I'm pretty much gonna copy & paste the majority of the article but read it in it's entirety here.< br />

TAMPA, December 11, 2013 — For twelve years, the Bush and Obama Administrations have promoted a narrative about the War on Terror. It has changed slightly in superficial ways, as when President Obama gave it a new name, but the crux of the narrative has not changed. The United States is fighting a war against a worldwide terrorist organization called al-Qaeda, formerly headed by über-terrorist Osama bin Laden.

Americans are led to believe that this organization has a single mission against the United States and is directed by a hierarchy of terrorist leaders, all reporting up to a senior command located somewhere in Afghanistan. Many of the lawmakers and cabinet personnel who promote this narrative likely believe it themselves, at least to some degree.

Washington sees al-Qaeda the way it sees itself, a centralized, top-down hierarchy with a chain of command reporting up from every corner of the earth. It makes for a good story, but it’s not even remotely true. Virtually every incident involving this fictional organization refutes the narrative.


Interesting choice of words there, fictional organization. Many of us are on board with that line of thought and sick of the West increasing their drone operations and wars based on the boogymen that are Al Qaeda. Now don't get me or the article wrong, there are Islamist bad men who are engaging in acts of EVIL under the name of Al Qaeda.


Veteran reporter Eric Margolis never believed it. He’s been reporting on the true nature of the Islamic militant groups from the very beginning. He should know what he’s talking about. He was embedded in Afghanistan in the 1980’s when bin Laden and what is now al-Qaeda and the Taliban were U.S. allies, fighting the Soviet Union.

For what it’s worth, bin Laden and other Islamic militants apparently regarded Margolis’ reporting as accurate. He was named as one of a small group of reporters who “fairly and accurately reported on the region” in alleged al-Qaeda letters released last year.

Commenting on that release in “Osama’s Almost Letter to Me,” Margolis wrote, “Al-Qaida was not founded by Osama bin Laden, as many wrongly believe, but in the mid-1980’s in Peshawar, Pakistan, by a revolutionary scholar, Sheik Abdullah Azzam. I know this because I interviewed Azzam numerous times at al-Qaida HQ in Peshawar while covering the anti-Soviet jihad in Afghanistan. Azzam set up al-Qaida, which means ‘the base’ in Arabic, to help CIA and Saudi-financed Arab volunteers going to fight in Soviet-occupied Afghanistan. In those days, the west hailed them as ‘freedom fighters.’”

Margolis goes on to report that neither Al Qaeda in Afghanistan nor the Taliban had anything to do with 9/11. Their raison d’etre is fighting foreign troops within their borders. When the invaders were Soviet, they fought the Soviets, using similar but updated tactics to those previously used against the British. When the invaders were American, they fought the Americans. Thus Afghanistan’s ominous nickname, “Graveyard of Empires.”

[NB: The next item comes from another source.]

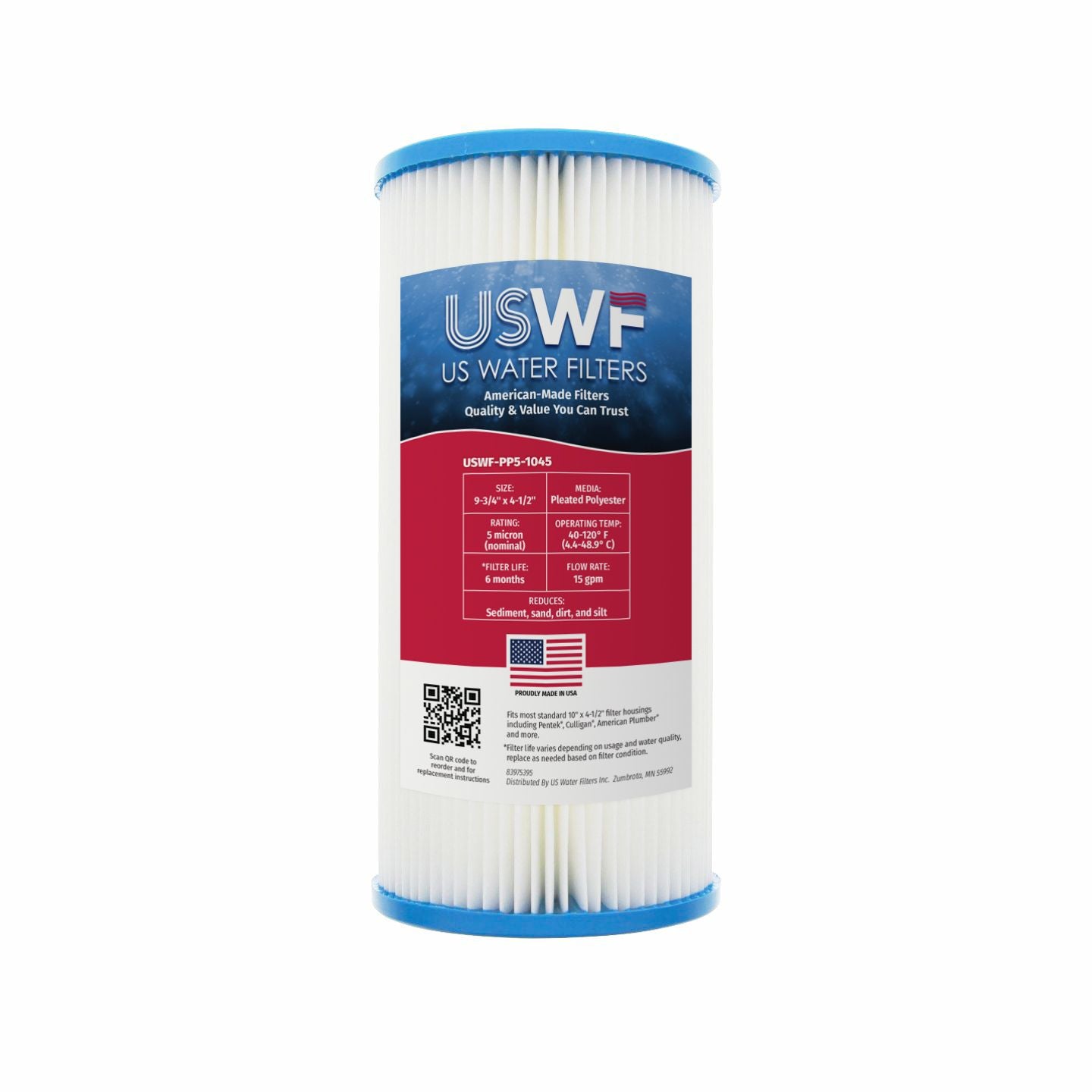 USWF 5 Micron 10"x4.5" Pleated Polyester Sediment Filter - DiscountFilterStore.com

According to this alternate narrative, the “extremists” in Afghanistan had nothing to do with 9/11 nor any tangible connection to the group that perpetrated the attacks. Those were mostly Saudi Arabian nationals who planned the attack in Hamburg, Germany and Madrid. The only thing the attackers had in common with al-Qaeda and the Taliban in Afghanistan was hatred of the United States. But they hated the United States for different reasons.

The 9/11 attackers, being Saudi, most likely hated America for precisely the reason Osama bin Laden stated: U.S. bases in the Muslim holy land and (secondarily) its support for Israel. Al Qaeda and the Taliban in Afghanistan hated America because the United States invaded, ignoring the Taliban’s quite reasonable request for the U.S. to produce evidence of bin Laden’s guilt before demanding his extradition.



They had nothing to do with 9/11 and we all know the official story tells us that Saudi men were on board (so lucky that passport was found by the FBI on the streets below
) those planes but the US still invades Afghanistan and has been there ever since and never holding Saudi Arabia responsible. The FBI never even charged OBL for these crimes yet Obama & friends boast his murder. I recall articles from years past talking about how many Afghan's don't even know about 9/11. America and her allies have a clear Middle Eastern agenda that's been on going for decades. 9/11 was a ploy to convince the public that more war was a needed. Playing on our emotions, you bastards.





What Washington is calling “al-Qaeda in Syria” is also a completely different group. They exist to overthrow the Assad regime. Since that regime is a longtime ally of Russia’s, the U.S. has actually supported these rebels, amidst heavy criticism from within Washington’s ranks that the Obama administration is supporting al-Qaeda. This was apparently confirmed when Syrian Jabhat al Nusra Front chief Abou Mohamad al-Joulani pledged allegiance to al-Qaeda leader Sheik Ayman al-Zawahri.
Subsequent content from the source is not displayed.